### The task
Copy without pictures. Please restate each line of the listing exactly.

### Provided data

************

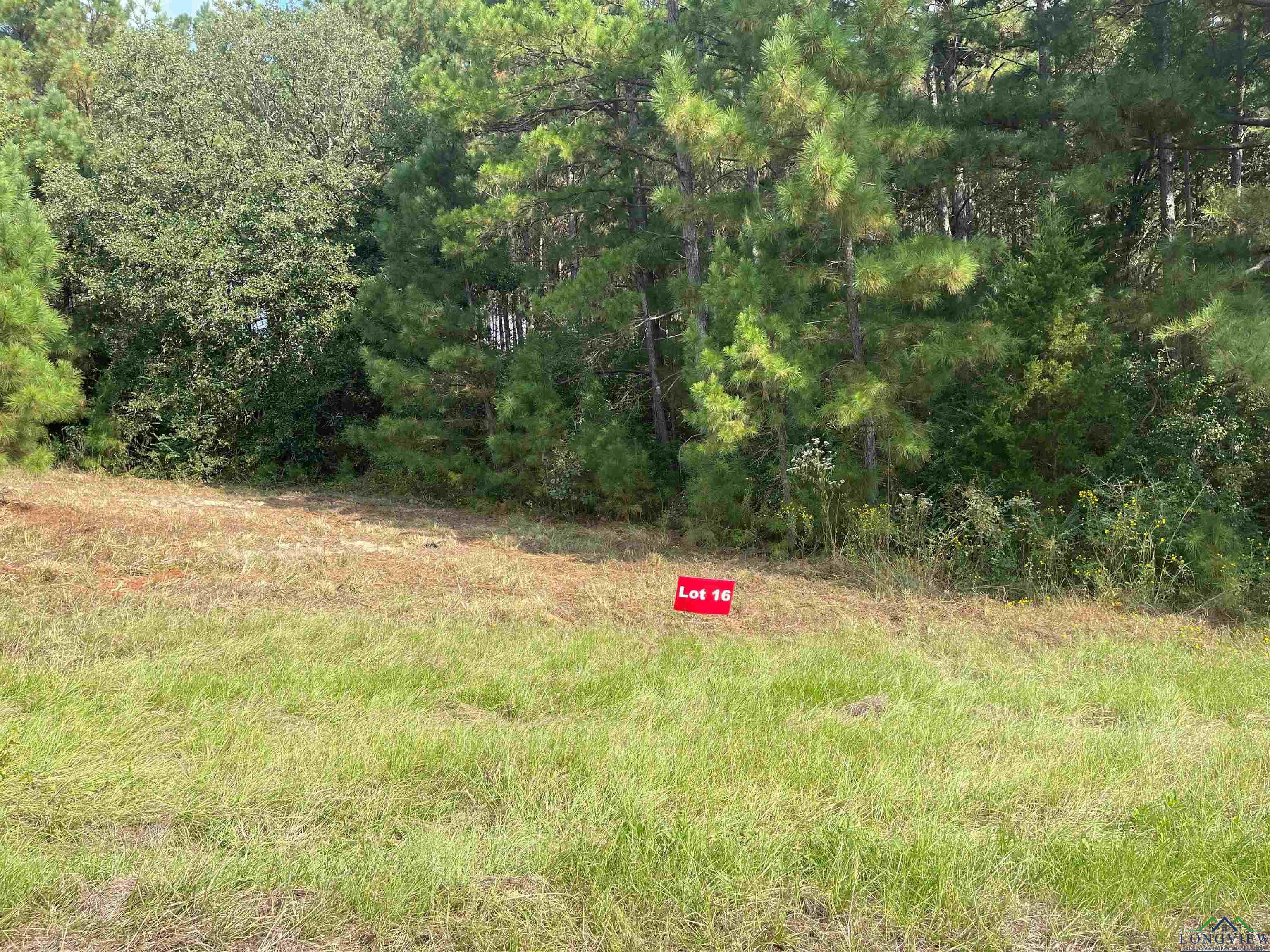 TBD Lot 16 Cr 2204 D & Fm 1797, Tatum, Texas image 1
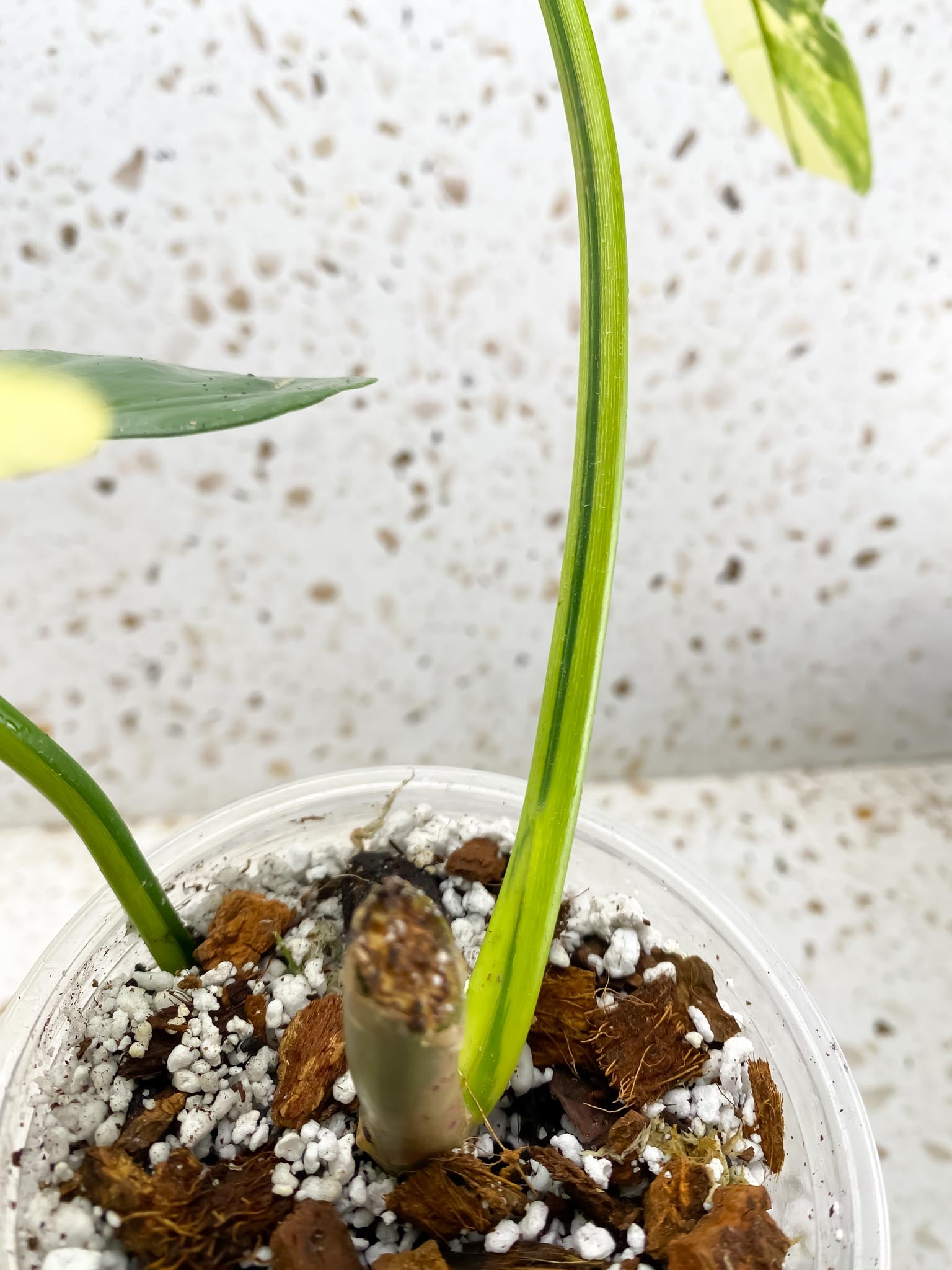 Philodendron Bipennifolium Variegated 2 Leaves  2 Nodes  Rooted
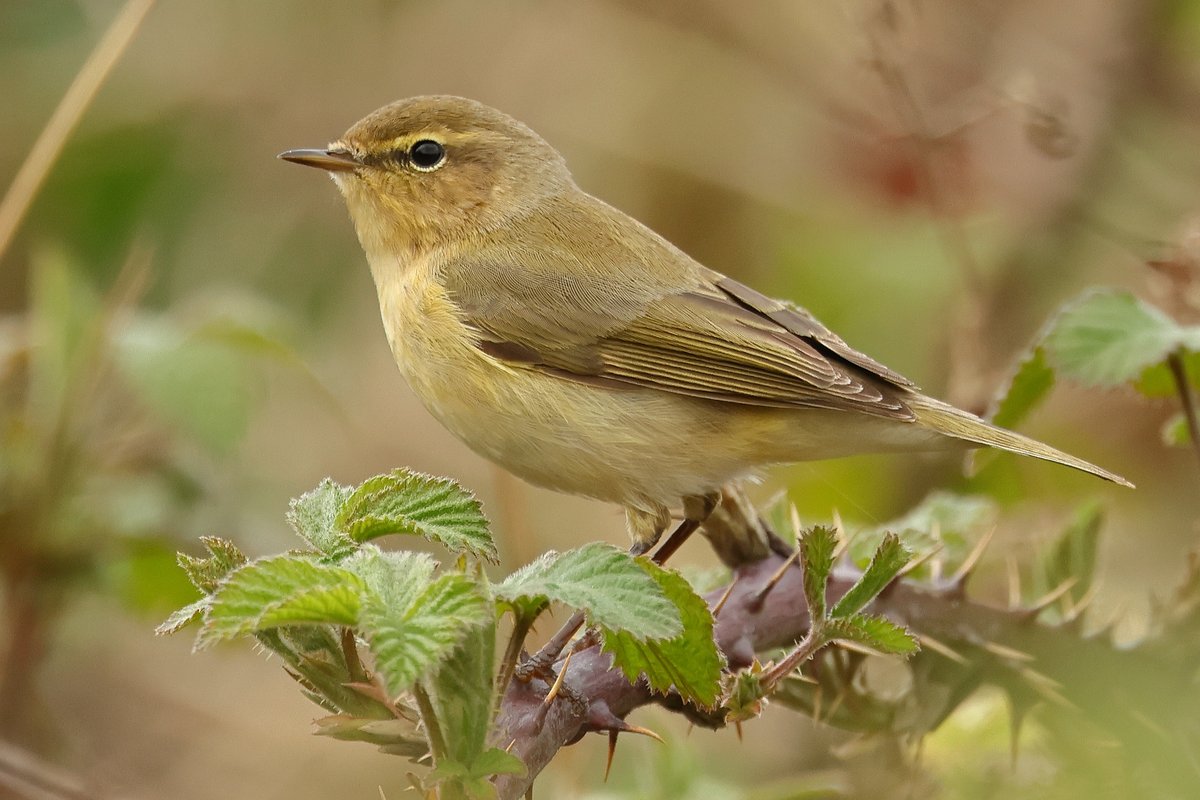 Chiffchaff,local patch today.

************

### Result
 TBD Lot 16 Cr 2204 D & Fm 1797, Tatum, Texas image 1
 Philodendron Bipennifolium Variegated 2 Leaves  2 Nodes  Rooted
 Chiffchaff,local patch today.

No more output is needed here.